そのほか、製品の外観寸法や製品塗装の膜厚などの計測結果を計測器からデータ送信することで、リアルタイムで検査成績書に検査結果が自動入力されるなど、リモート出荷前製品検査の「明電スタンダードシステム」を構築し、お客様の新たなニーズを満たす工夫・取組みを展開してきました。今後も、リモート出荷前製品検査の実施と並行して課題の整理と改善によりレベルアップを図りながら、適用製品・工場の拡大を進めていきます。

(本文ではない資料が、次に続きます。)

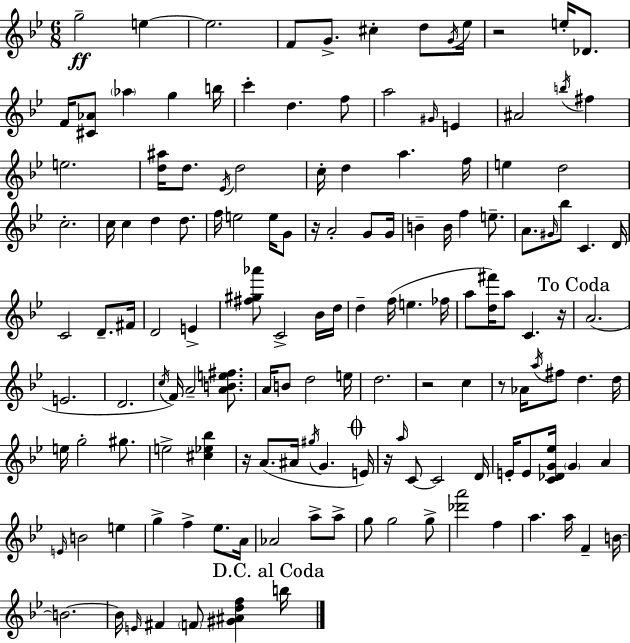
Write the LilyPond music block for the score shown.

{
  \clef treble
  \numericTimeSignature
  \time 6/8
  \key g \minor
  \repeat volta 2 { g''2--\ff e''4~~ | e''2. | f'8 g'8.-> cis''4-. d''8 \acciaccatura { g'16 } | ees''16 r2 e''16-. des'8. | \break f'16 <cis' aes'>8 \parenthesize aes''4 g''4 | b''16 c'''4-. d''4. f''8 | a''2 \grace { gis'16 } e'4 | ais'2 \acciaccatura { b''16 } fis''4 | \break e''2. | <d'' ais''>16 d''8. \acciaccatura { ees'16 } d''2 | c''16-. d''4 a''4. | f''16 e''4 d''2 | \break c''2.-. | c''16 c''4 d''4 | d''8. f''16 e''2 | e''16 g'8 r16 a'2-. | \break g'8 g'16 b'4-- b'16 f''4 | e''8.-- a'8. \grace { gis'16 } bes''8 c'4. | d'16 c'2 | d'8.-- fis'16 d'2 | \break e'4-> <fis'' gis'' aes'''>8 c'2-> | bes'16 d''16 d''4-- f''16( e''4. | fes''16 a''8 <d'' fis'''>16) a''8 c'4. | r16 \mark "To Coda" a'2.( | \break e'2. | d'2. | \acciaccatura { c''16 }) f'16 a'2-- | <a' b' e'' fis''>8. a'16 b'8 d''2 | \break e''16 d''2. | r2 | c''4 r8 aes'16 \acciaccatura { a''16 } fis''8 | d''4. d''16 e''16 g''2-. | \break gis''8. e''2-> | <cis'' ees'' bes''>4 r16 a'8.( ais'16 | \acciaccatura { gis''16 } g'4. \mark \markup { \musicglyph "scripts.coda" } e'16) r16 \grace { a''16 } c'8~~ | c'2 d'16 e'16-. e'8 | \break <c' des' g' ees''>16 \parenthesize g'4 a'4 \grace { e'16 } b'2 | e''4 g''4-> | f''4-> ees''8. a'16 aes'2 | a''8-> a''8-> g''8 | \break g''2 g''8-> <des''' a'''>2 | f''4 a''4. | a''16 f'4-- b'16~~ b'2.~~ | b'16 \grace { e'16 } | \break fis'4 \parenthesize f'8 <gis' ais' d'' f''>4 \mark "D.C. al Coda" b''16 } \bar "|."
} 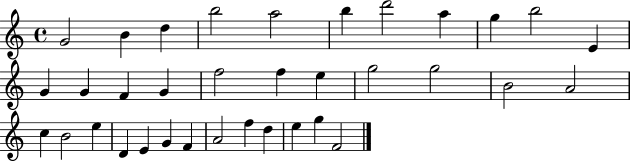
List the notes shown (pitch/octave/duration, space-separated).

G4/h B4/q D5/q B5/h A5/h B5/q D6/h A5/q G5/q B5/h E4/q G4/q G4/q F4/q G4/q F5/h F5/q E5/q G5/h G5/h B4/h A4/h C5/q B4/h E5/q D4/q E4/q G4/q F4/q A4/h F5/q D5/q E5/q G5/q F4/h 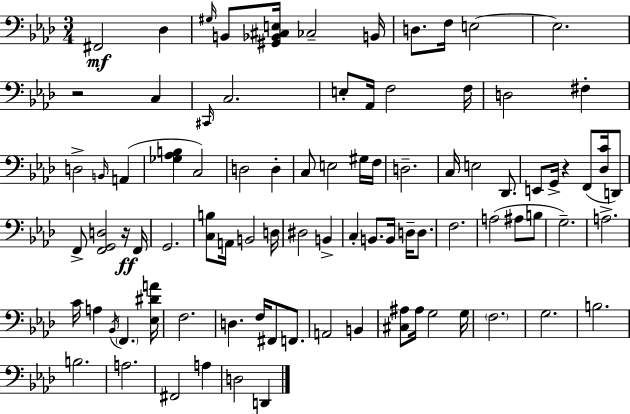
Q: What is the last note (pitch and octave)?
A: D2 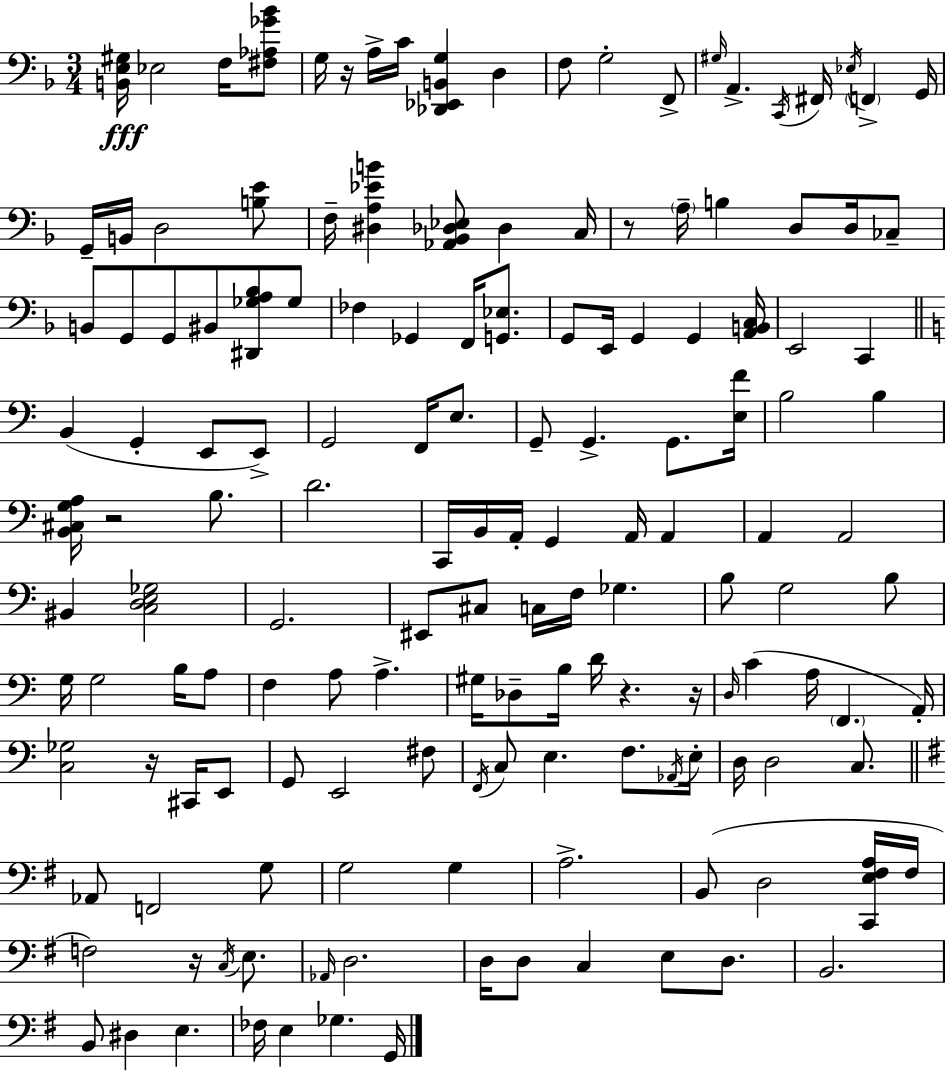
[B2,E3,G#3]/s Eb3/h F3/s [F#3,Ab3,Gb4,Bb4]/e G3/s R/s A3/s C4/s [Db2,Eb2,B2,G3]/q D3/q F3/e G3/h F2/e G#3/s A2/q. C2/s F#2/s Eb3/s F2/q G2/s G2/s B2/s D3/h [B3,E4]/e F3/s [D#3,A3,Eb4,B4]/q [Ab2,Bb2,Db3,Eb3]/e Db3/q C3/s R/e A3/s B3/q D3/e D3/s CES3/e B2/e G2/e G2/e BIS2/e [D#2,Gb3,A3,Bb3]/e Gb3/e FES3/q Gb2/q F2/s [G2,Eb3]/e. G2/e E2/s G2/q G2/q [A2,B2,C3]/s E2/h C2/q B2/q G2/q E2/e E2/e G2/h F2/s E3/e. G2/e G2/q. G2/e. [E3,F4]/s B3/h B3/q [B2,C#3,G3,A3]/s R/h B3/e. D4/h. C2/s B2/s A2/s G2/q A2/s A2/q A2/q A2/h BIS2/q [C3,D3,E3,Gb3]/h G2/h. EIS2/e C#3/e C3/s F3/s Gb3/q. B3/e G3/h B3/e G3/s G3/h B3/s A3/e F3/q A3/e A3/q. G#3/s Db3/e B3/s D4/s R/q. R/s D3/s C4/q A3/s F2/q. A2/s [C3,Gb3]/h R/s C#2/s E2/e G2/e E2/h F#3/e F2/s C3/e E3/q. F3/e. Ab2/s E3/s D3/s D3/h C3/e. Ab2/e F2/h G3/e G3/h G3/q A3/h. B2/e D3/h [C2,E3,F#3,A3]/s F#3/s F3/h R/s C3/s E3/e. Ab2/s D3/h. D3/s D3/e C3/q E3/e D3/e. B2/h. B2/e D#3/q E3/q. FES3/s E3/q Gb3/q. G2/s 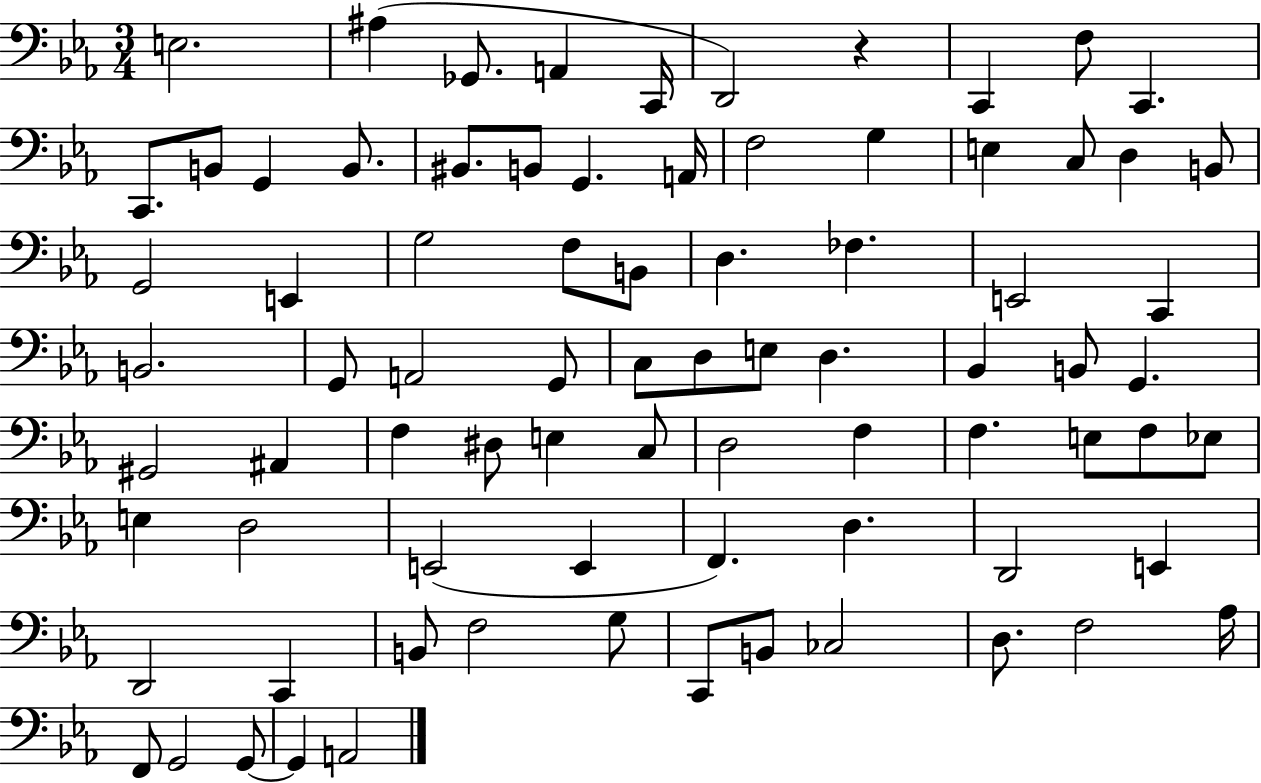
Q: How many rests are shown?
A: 1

塗装表面の品質を数値化して調べる「塗装面画像検査装置」を開発し、導入しました。これまで目視で行っていた配電盤などで使用する板金の外観検査を、画像解析により色むらや凹凸の状態を数値化することで、品質確認のばらつきを防ぐことが可能となります。検査では、LEDライトとCCDカメラを組み合わせたマイクロスコープにより、検査員が板金の塗装面を撮影します。撮影データをPCに取り込み、塗装面の外観品質を数値で定量的に測定できるほか、画像データも同時に取得することで、データの正確性を確認することができます。これまで、配電盤や制御盤の出荷前検査で「不良」と判定されたものの半数が塗装表面の不良となっており、それらの不良品は再度塗装や研磨を行い出荷に至っていました。本装置を導入することで、塗装表面の品質が原因となる不良をゼロにし、従来塗装面の不良により再塗装・研磨にかかっていた費用を削減することが可能になります。今後は蓄積した塗装面の評価データを活用して、塗装量や研磨・洗浄時間などの条件を見直し、塗装工程の最適化を図り、費用削減や時間短縮につなげていくことを目指します。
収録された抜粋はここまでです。